Gene mutation study was conducted to evaluate the mutagenic nature of test chemical using Salmonella typhimurium strain TA1538 and TA100. Bacteria were grown overnight in Oxoid nutrient broth, then refrigerated at 4-5OC for a few hours before use. 0.1 ml of bacterial culture was added to 2 ml of 45°C molten top agar containing 0.01 mg histidine HCI and 0.012 mg biotin/ml, followed by the test sample in ≤0.2 ml DMSO. Finally, 0.5 ml of sodium phosphate buffer, pH 7.4 (no activation), or 0.5 ml of Aroclor-induced rat S9 mixture was added, and the mixture was poured on minimal glucose agar plates. Histidine revertants colonies were counted on a Biotran II automated colony counter after 2-day incubation at 37°C. A sample was judged mutagenic if it produced greater than twice the spontaneous background colonies at more than one dose or at the highest dose tested. In the above mentioned study, test chemical failed to induce gene mutation in the Salmonella typhimurium strains TA1538 and TA100 with and without metabolic activation. Hence, Rhodamine B, is not likely to be a gene mutant in vitro.
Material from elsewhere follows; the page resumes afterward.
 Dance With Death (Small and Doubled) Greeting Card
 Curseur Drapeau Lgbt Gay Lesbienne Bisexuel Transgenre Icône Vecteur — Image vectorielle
Based on the data summarized, Reaction mass of 1-​Propanaminium, 3-​[[2-​cyano-​3-​[4-​(diethylamino)​phenyl]​-​1-​oxo-​2-​propen-​1-​yl]​oxy]​-​N-​[2-​[[2-​cyano-​3-​[4-​(diethylamino)​phenyl]​-​1-​oxo-​2-​propen-​1-​yl]​oxy]​ethyl]​-​N,​N-​dimethyl-​& chlorideis expected to not induce gene mutation in the Salmonella typhimurium strains used in the presence and absence of S9 metabolic activation system and hence it is not likely to be mutagenic in vitro.